After the recent US ruling which declared jailbreaking Apple devices to be legal, Nokia heads over at symbian-freaks have accelerated their efforts to create custom ROMs.
An user called fonix232 recently posted the following to the Symvian DevCo mailing list – it gives a nice overview and “history” of the recent happenings:
Hacking into the system is just a word for accessing the phone’s restricted areas (c:sysbin, c:private, etc) with a simple file browser. It can be done in many ways.
First, there was the HelloCarbide method. It was based on a system bug, what allowed to access any folder if a fie browser was running in the moment of bugabuse. So people did this, copied Z, and developed a method to install ANY software without the need of signing. That was done by modifying a value in InstallServer.exe, and then placing the modified executable in C:sysbin.
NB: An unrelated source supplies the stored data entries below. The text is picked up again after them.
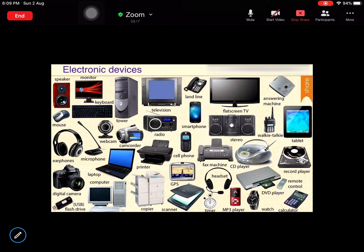Hello everyone, we will be discussing electronics in this video. We will study the different types of electronic devices and different types of fundamental semiconductors or devices that are used to build the vast appliances that you're seeing here.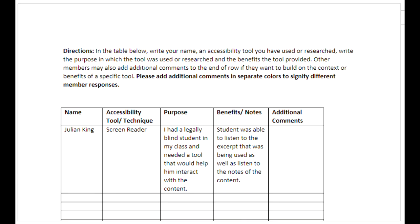Here at UDC, we believe in building a personal learning community. In this activity, you have a direct opportunity to collaborate with colleagues about different accessibility tools and strategies.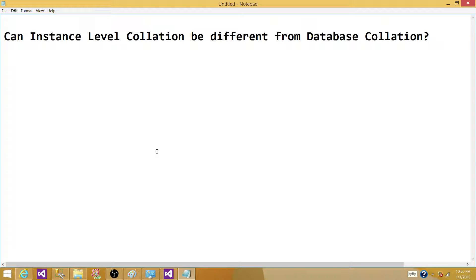Welcome to Tech Brothers. In this video we're going to answer a question that can be asked in a DBA interview. The question is: can instance-level collation be different from database collation? This is obviously talking about SQL Server. Instance-level collation represents server-level collation, and database collation is the collation for a particular database in that SQL Server instance. To answer this question — yes, it can be.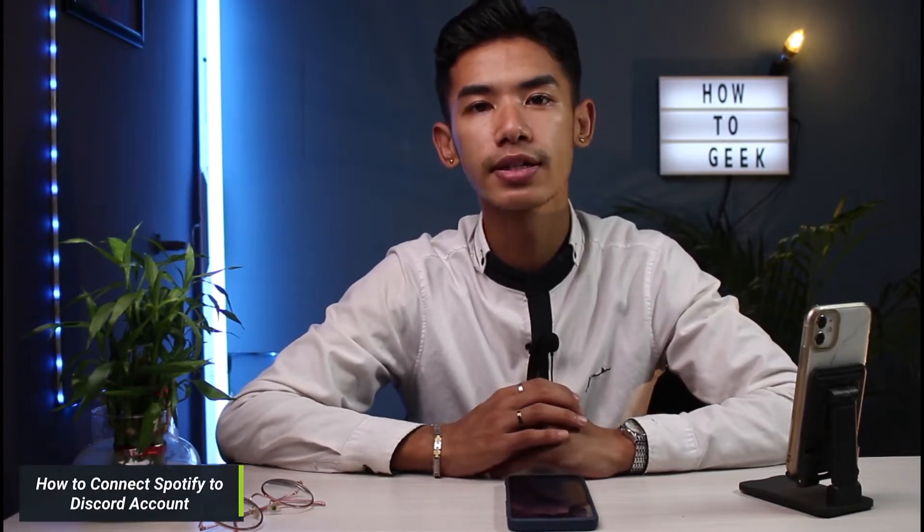Hi everyone, welcome back to our channel. I am Bimo from How to Geek. In today's guide video, I will show you how you can connect your Spotify to your Discord account on your iPhone. But before we get started, if you are new to our channel, make sure to leave a like and hit that subscribe button. Without any further ado, let us get started with today's video.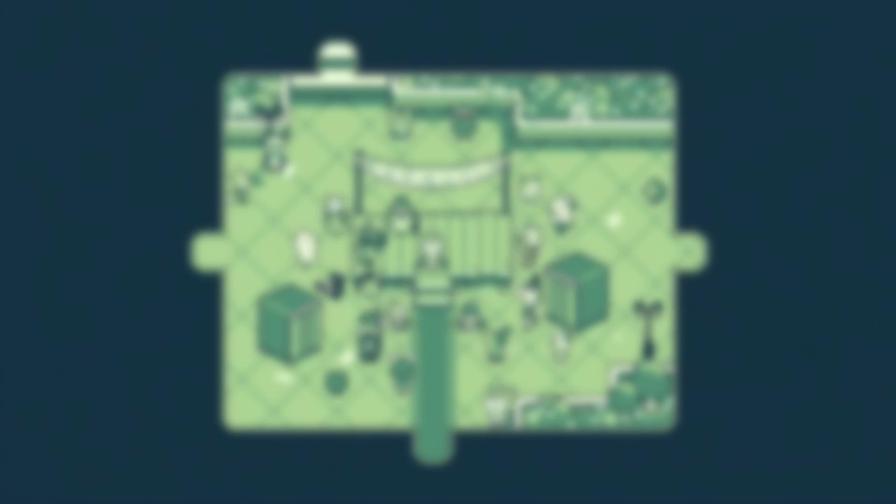Number one, I would say, don't think of it as video game music. Number two would be, you can't play wrong notes.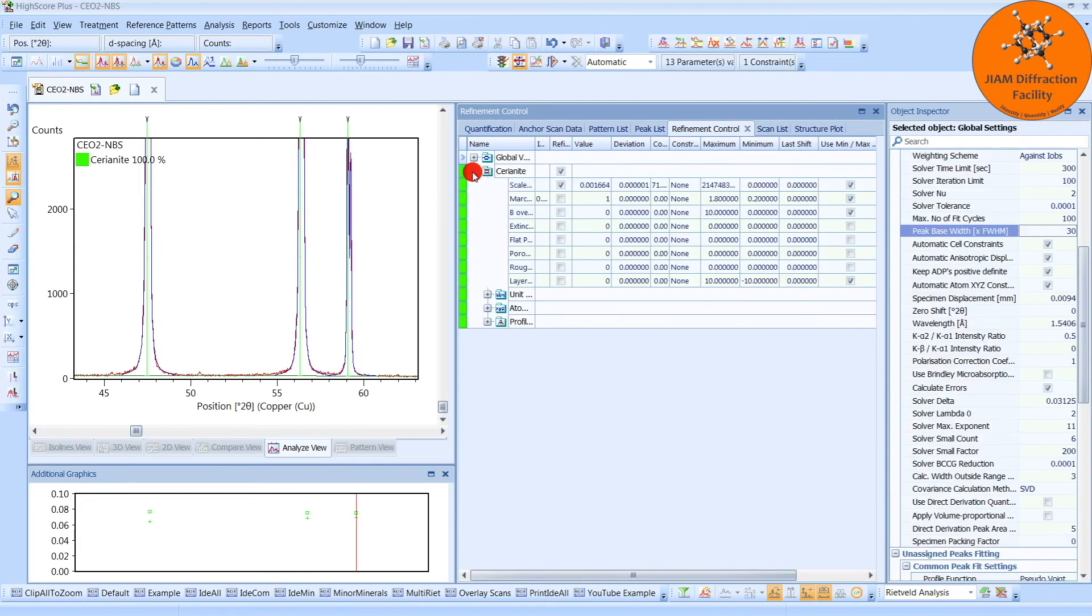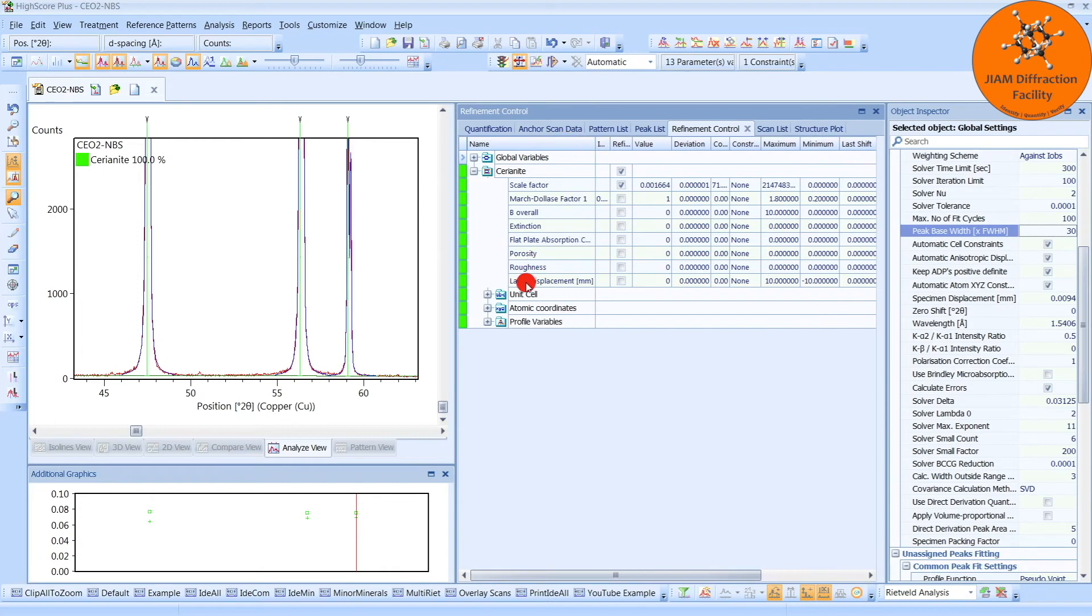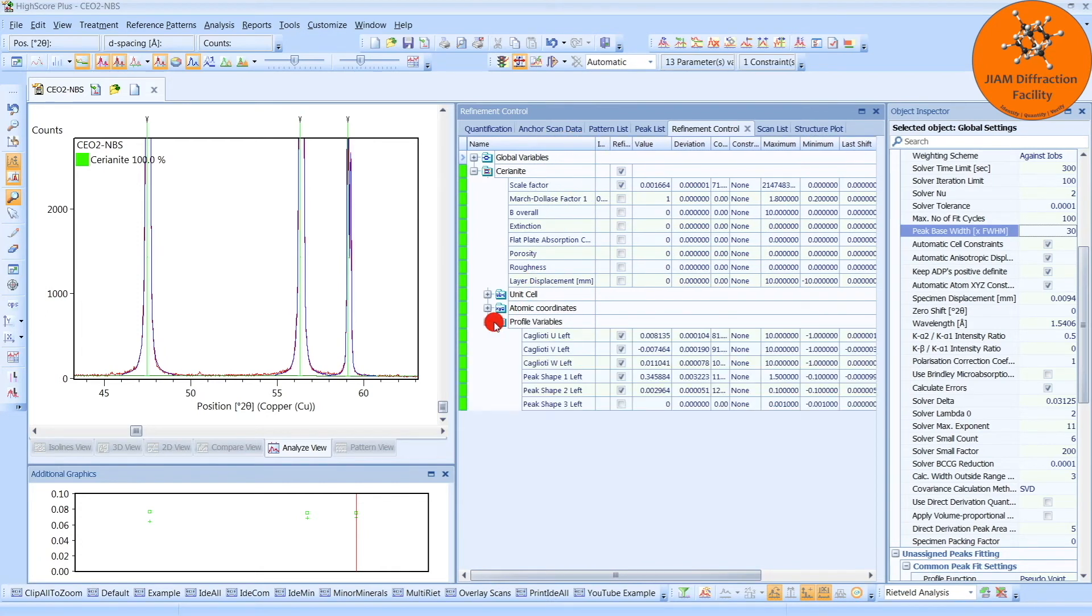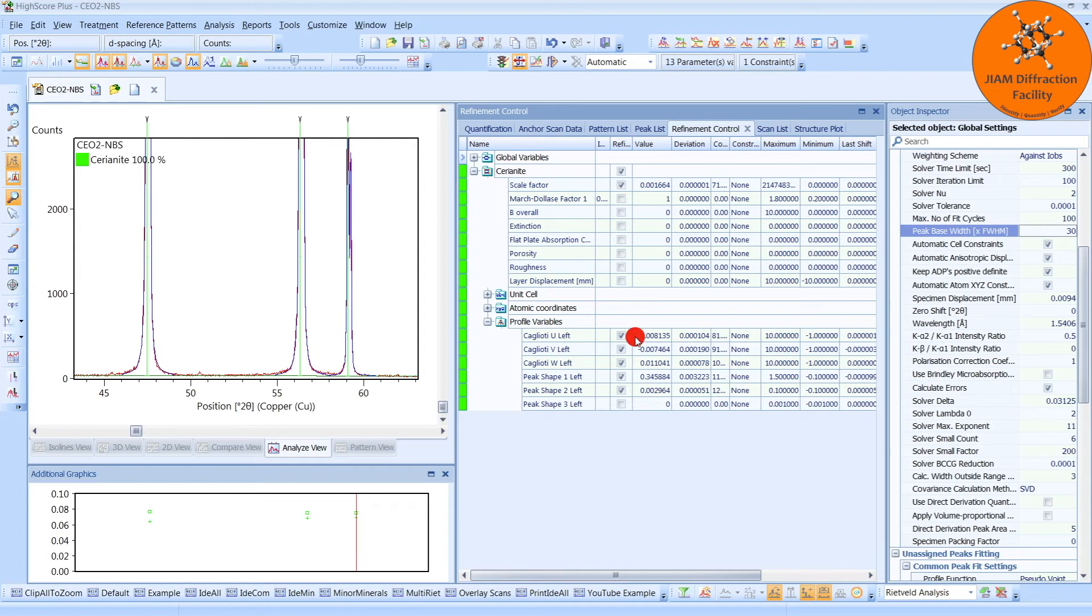Let's left-click this little plus sign next to the phase. And then we will click the plus sign next to the profile variables. And we see that we have five different profile variables that are refining. Here are their values. It is these variables that give us the instrumental broadening that we need to use in order to determine the sample broadening that we get from our diffraction pattern. So we want to save these values.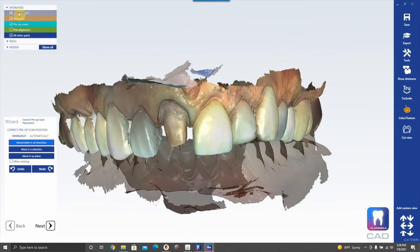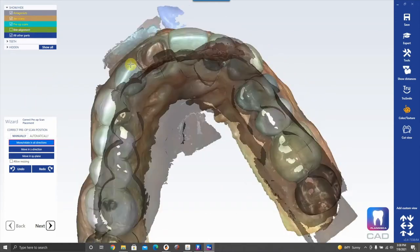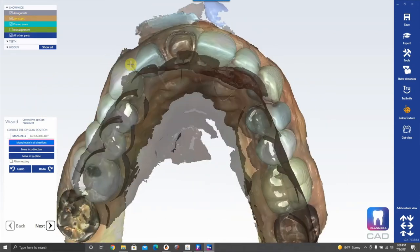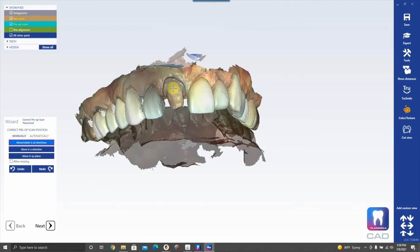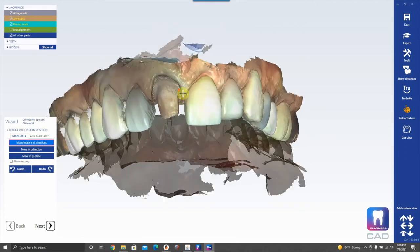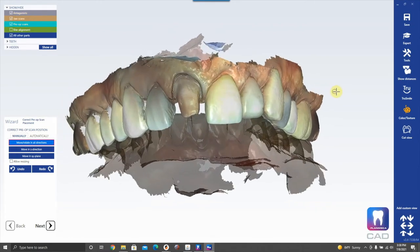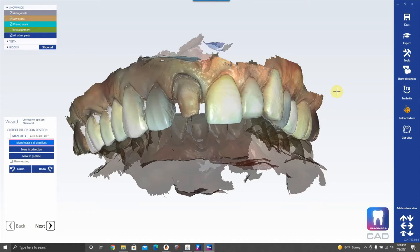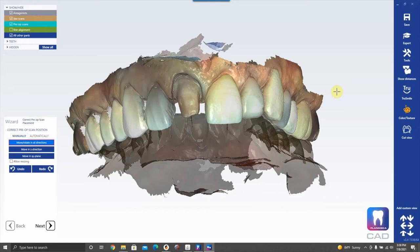Look up here — we have antagonist jaw, pre-op, and bite alignment: basically all the stuff scanned in Emerald S. Here are some keyboard shortcuts to view things quickly: press P to toggle pre-op visibility. You can see it come on and it is aligned appropriately.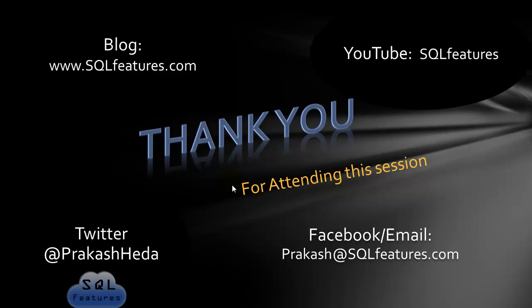So here are the contact details. You can subscribe for future articles on my site sqlfeatures.com or you can subscribe at sqlfeatures on YouTube. If you have any questions, log it on sqlfeatures.com blog and I usually respond in a couple of days. Thank you very much for watching this video and look forward to see you in the next video.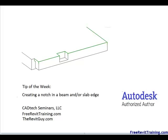Hello, and welcome to Tip of the Week by CAD Tech Seminars. To find out more about our company, check us out on the web at freerevittraining.com or therevitguy.com.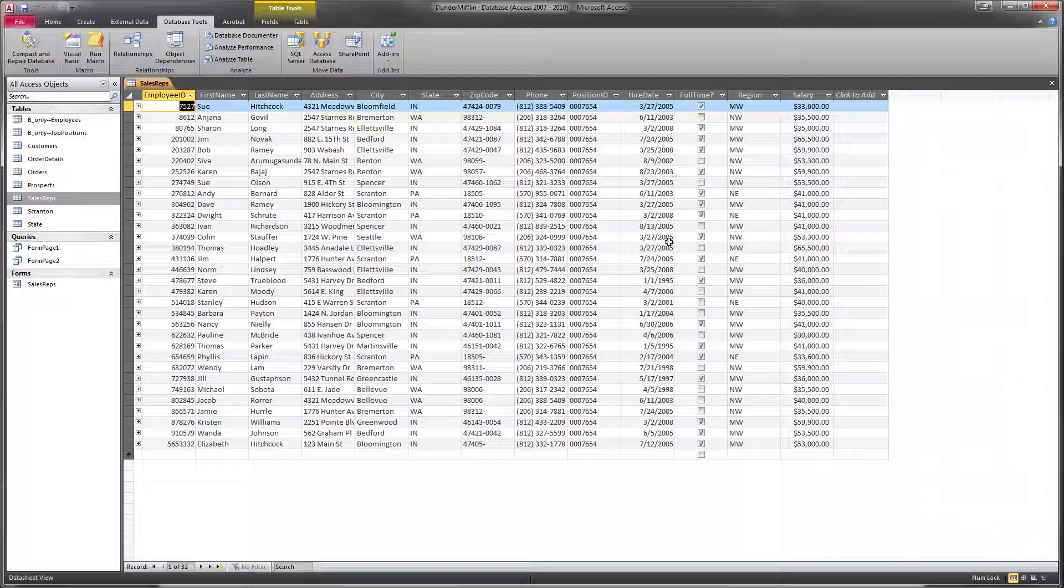So not those that were hired in 2002, 2005, 1998, 1997, etc. We want only those that were hired in 2003 or later from the Midwest region.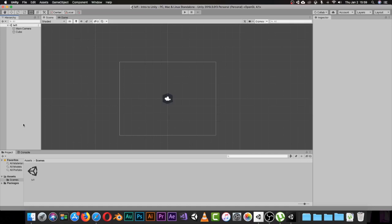Let's get started with our episode. In the last episode we learned how we can manipulate the scene — how we can move inside the scene using our keyboard: W, Q, E, R, T. It was really simple.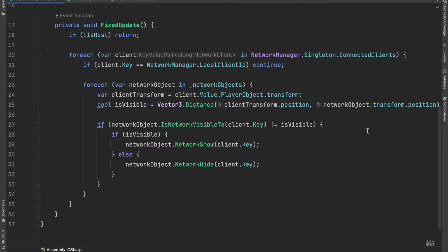The network object's NetworkShow method will make the object visible, while the NetworkHide method will make it hidden.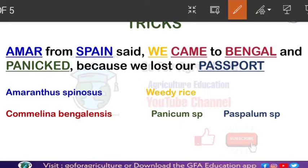Let's revise. The full sentence to remember all five weeds is: 'Amar from Spain said we came to Bengal and panicked because we lost our passport.' This one sentence covers all five weed names.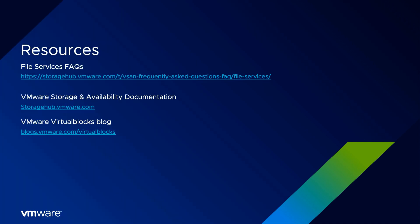vSAN file services, new in vSAN 7, makes it easy for both traditional virtual machines and newer, modern containerized applications to consume and manage this service. Any app, any cloud, any device. To learn more about file services and other vSAN features, be sure to go to storagehub.vmware.com.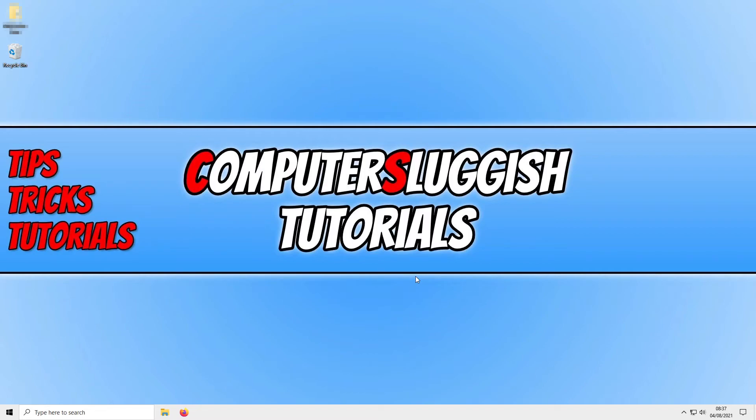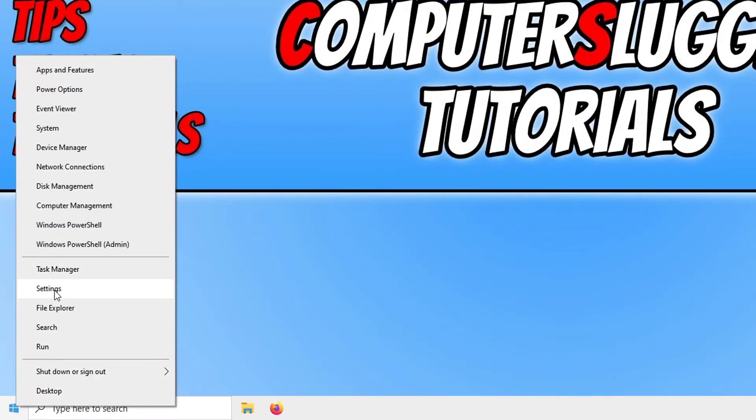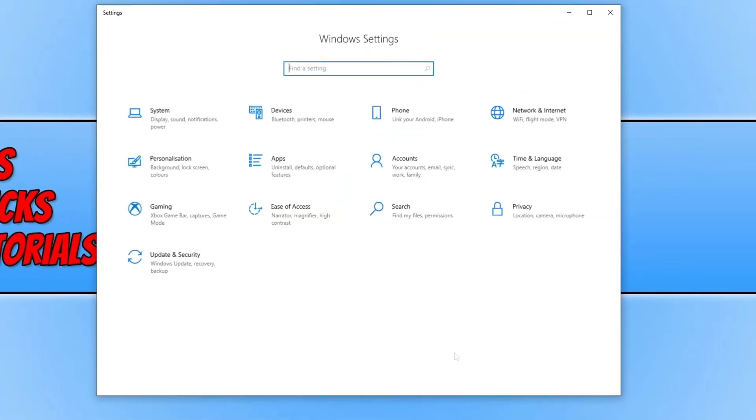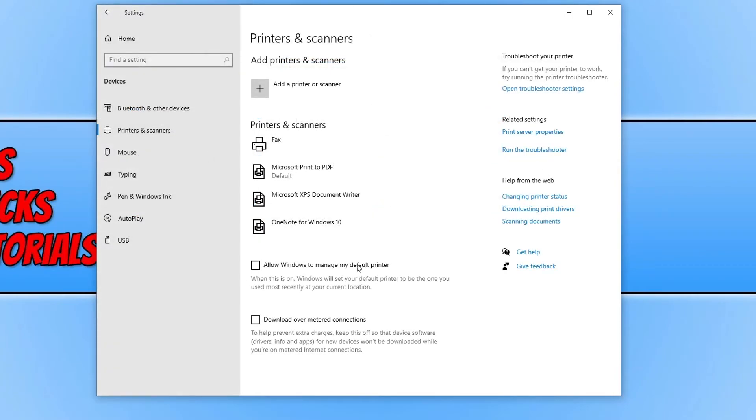To do this, all you need to do is go down to the bottom left-hand corner of your screen and right-click on the start menu icon. Then go to Settings. You now need to select Devices, and where it says 'Allow Windows to manage my default printer,' you need to select the box so that it has a tick in it.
Nokia patched this on N95 V31, so we needed another way. The other way was to map C:sysbin as a different drive (yes it is possible on Symbian) and copy the executables and drivers of an application called ROMPatcher. This application does what it’s name says: applies patches on given areas of RAM. This made us possible to create mods on-the-go. No need for editing binaries anymore, but apply a patch, and it is already modified.
Nokia close this hole again, with firmware 5800 v40. Then, there were no holes. After a little time and lots of thinking, a team called PNHT grabbed my partial research on the Nokia Firmware Format (file extension FPSX), and based on it, with lot of help from an individual developer and modder Il.Socio, they made firmware editing possible for a few phones. This is an easy theory:
Nokia uses ROFS and ROM images in firmwares. ROM is for any base kernel executable – currently unmodifiable. ROFS1 is in CORE, just like ROM, and it contains a few stuff for ROM executables. ROFS2 contains languages, and other resources, like skins, and stuff. And finally, ROFS3 contains any carrier data. Now we have the possibility to edit ROFS2 and ROFS3, directly from the FPSX container. This way, we can integrate our favorite apps into our own custom firmwares, or set some options to other values by default, replace the base skin, port the Omnia HD’s homescreen, and such things.
So hacking is basically opening up the system for modding.